====== Study material

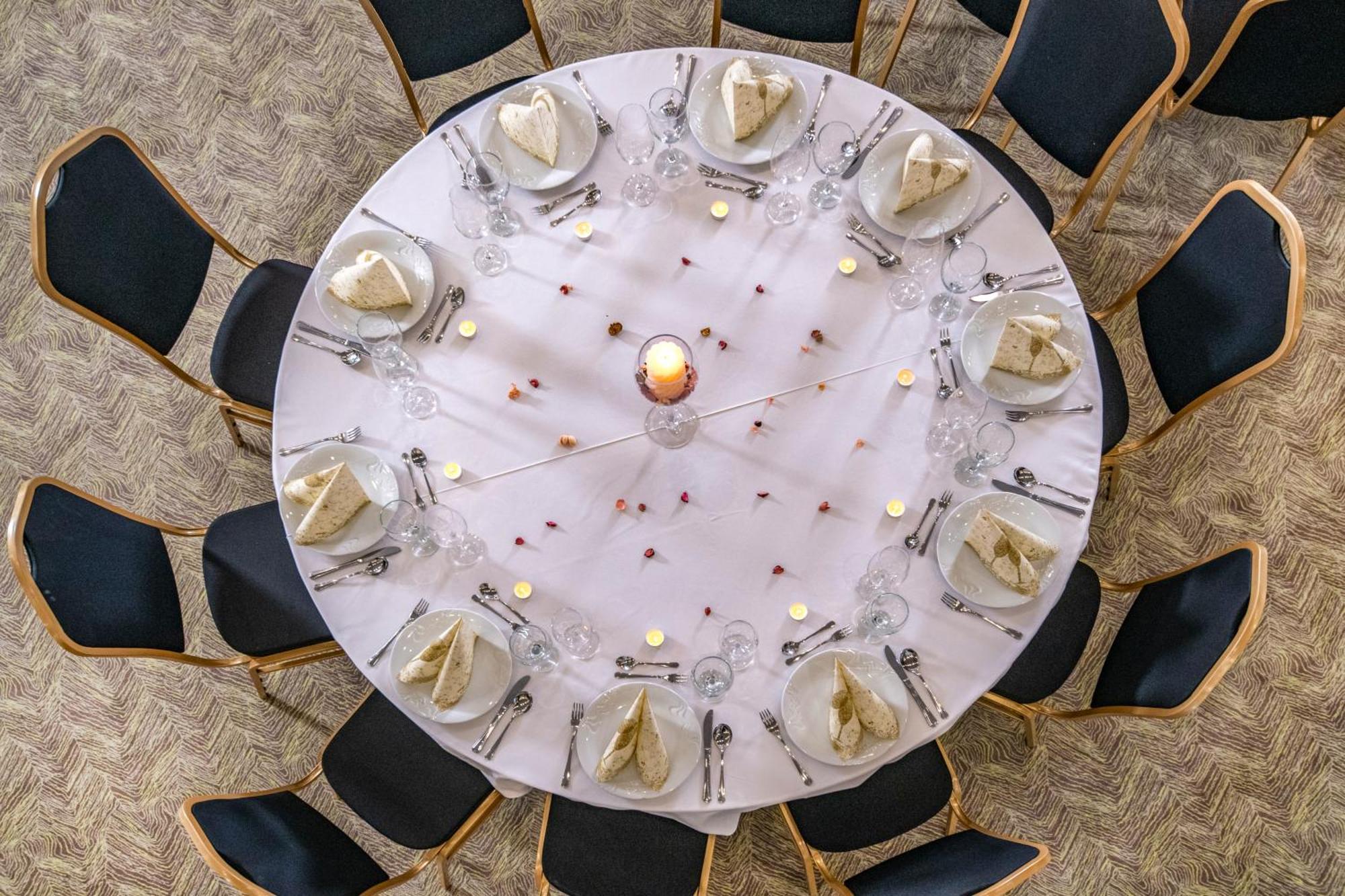 Szarvaskut Hotel Зирц Экстерьер фото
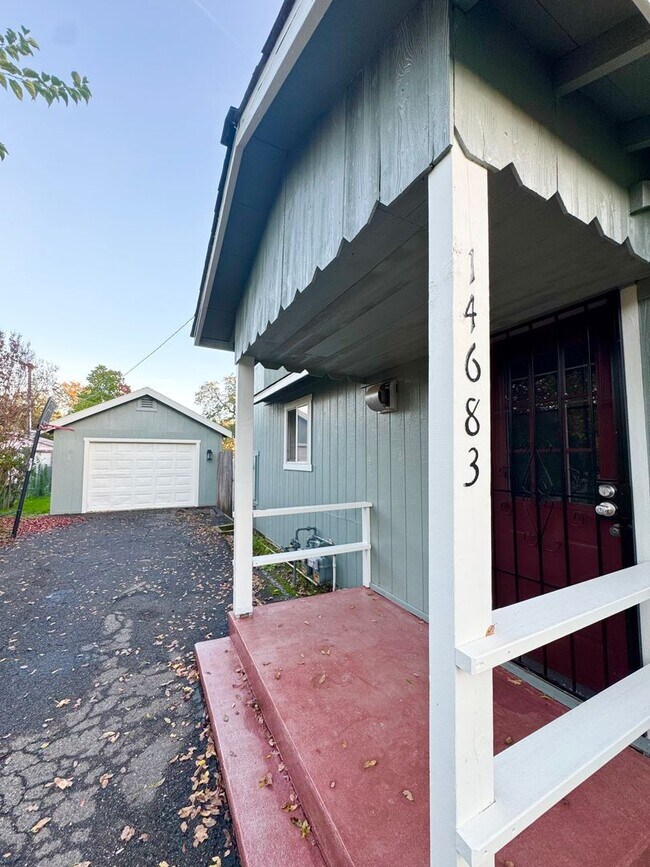 Foto del edificio - Spacious Country Home w/ HUGE SHOP!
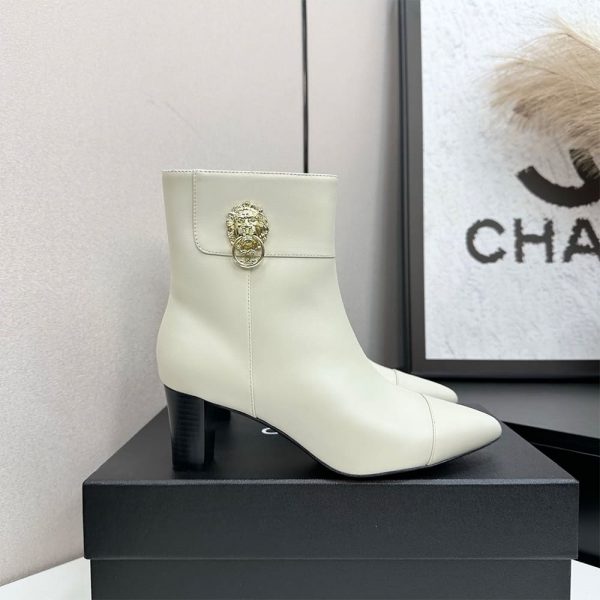 CHANEL Boots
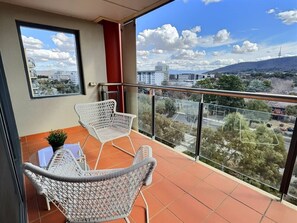 Property grounds - Stunning 2-Brm in Braddon! (Braddon)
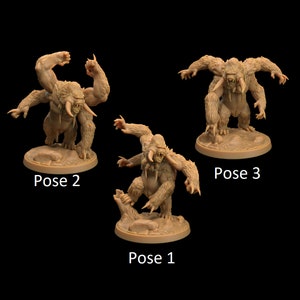 Pode incluir: Três poses diferentes de uma miniatura de um monstro peludo marrom com dentes e garras afiados. O monstro tem quatro braços e está em pé sobre uma base redonda.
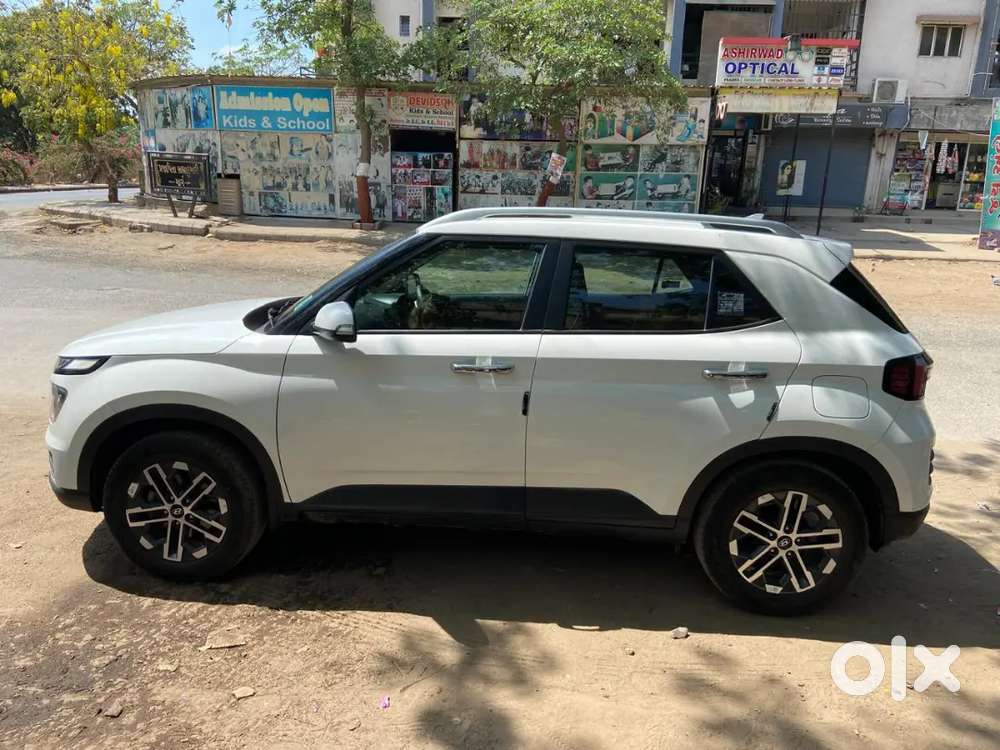 Single Hand Used Car Driven Only 15400 Km
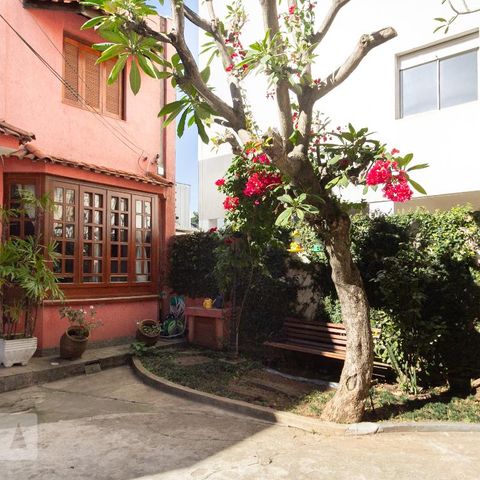 Casa à venda com 144m², 4 quartos e 2 vagasFachada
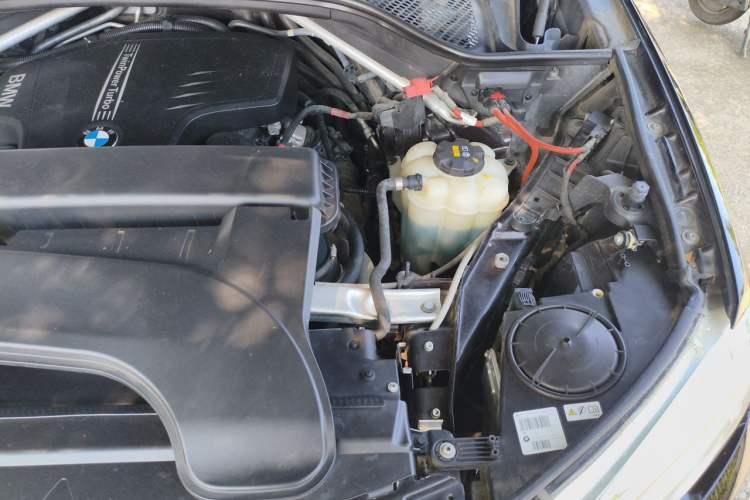 Used BMW X5 2017 xDrive28i Engine Bay Left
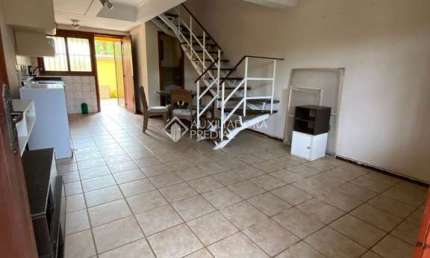 Casa com 3 quartos à venda na Rua Luiz Fontoura Júnior, 88, Jardim Itu Sabará, Porto Alegre, 107 m2 por R$ 400.000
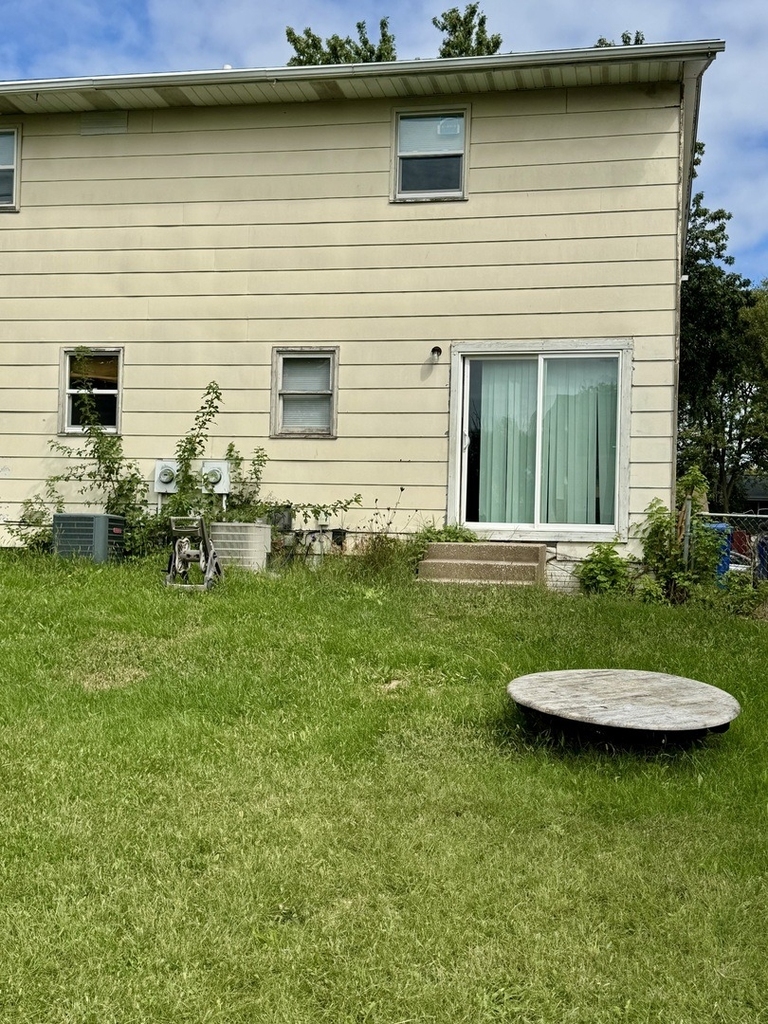 629 W 64th Street - Photo 10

============

## [Requirement]
Your copy must consist solely of the lines from the one containing "Used BMW X5 2017 xDrive28i Engine Bay Left" through the final line of the material above, transcribed exactly, with the pictures left out.

## [Solution to the problem]
 Used BMW X5 2017 xDrive28i Engine Bay Left
 Casa com 3 quartos à venda na Rua Luiz Fontoura Júnior, 88, Jardim Itu Sabará, Porto Alegre, 107 m2 por R$ 400.000
 629 W 64th Street - Photo 10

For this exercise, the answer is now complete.